Jules ist Googles autonomer, auf Gemini basierender Coding-Agent, der sich mit einem GitHub-Repository verbindet, für eine beschriebene Aufgabe selbst einen Lösungsweg plant, einen Code-Diff erstellt und einen Pull Request zur Prüfung eröffnet — statt Schritt für Schritt im Editor mitzuarbeiten.
Hersteller
Jules wird von Google gebaut und nutzt Gemini-Modelle zur Planung und Code-Erstellung. Das Tool ist auf asynchrones Arbeiten ausgelegt: Eine Aufgabe wie ein Bugfix, ein Dependency-Update oder eine Framework-Migration wird übergeben, und Jules bearbeitet sie im Hintergrund, während man selbst an anderem weiterarbeitet.
Funktionsumfang
- GitHub-natives Vorgehen: Ein Repository wird ausgewählt, die Aufgabe beschrieben, und Jules erstellt zunächst einen Plan, dann einen Diff, dann einen Pull Request.
- Autonome Planung: Jules erarbeitet mit Gemini selbstständig einen Lösungsweg, bevor Code geschrieben wird, statt jeden Einzelschritt vorgeben zu müssen.
- Hintergrund-/Async-Ausführung: Aufgaben laufen, ohne die eigene Arbeit zu blockieren; Diff und PR werden geprüft, sobald sie fertig sind.
- Typische Einsatzfälle: Bugfixes, Dependency- und Framework-Updates sowie allgemeine Feature- oder Testarbeiten, die als abgeschlossene Aufgabe delegiert werden.
Preise
Jules gibt es in drei Stufen, die sich vor allem in täglichem Aufgabenvolumen, Parallelität und Modellzugriff unterscheiden, nicht im Funktionsumfang:
- Jules (kostenlos): 15 Aufgaben pro rollierendem 24-Stunden-Fenster, 3 parallele Aufgaben, auf Basis von Gemini 2.5 Pro — von Google für das Ausprobieren an echten Aufgaben gedacht.

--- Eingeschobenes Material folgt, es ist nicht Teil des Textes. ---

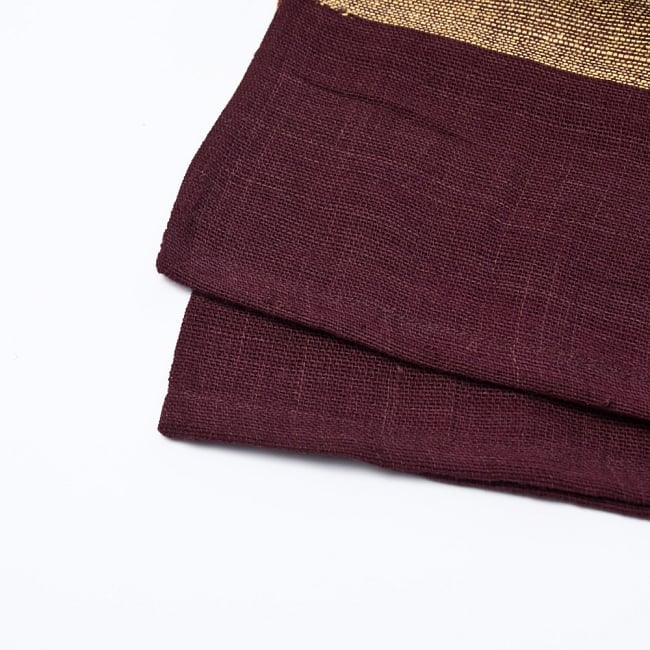 〔225cm×150cm〕柔らか手触りのイタワ織りマルチクロス - ブラウン 2 - 縁の部分の拡大写真です。ほつれないように折り返し裁縫されています。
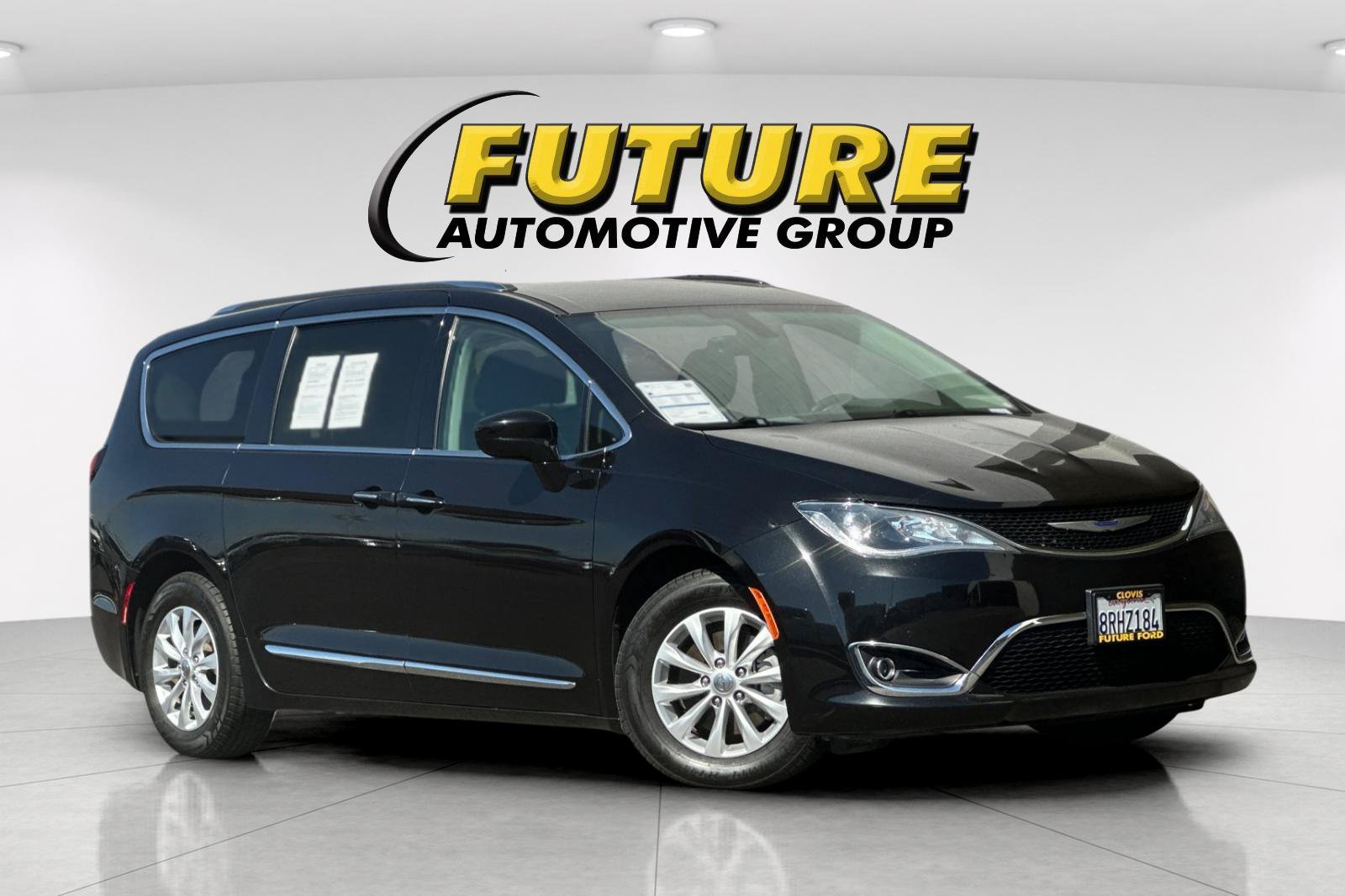 Used 2019 Black Chrysler Touring L image 1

- Jules Pro: 100 Aufgaben pro rollierendem 24-Stunden-Fenster, 15 parallele Aufgaben, mit höherem Zugriff auf das jeweils neueste Modell, beginnend mit Gemini 3 Pro; freigeschaltet über ein Google-AI-Pro-Abo statt als eigenständiger Jules-Plan verkauft.
- Jules Ultra: 300 Aufgaben pro rollierendem 24-Stunden-Fenster, 60 parallele Aufgaben, mit priorisiertem Zugriff auf das jeweils neueste Modell, beginnend mit Gemini 3 Pro; freigeschaltet über ein Google-AI-Ultra-Abo.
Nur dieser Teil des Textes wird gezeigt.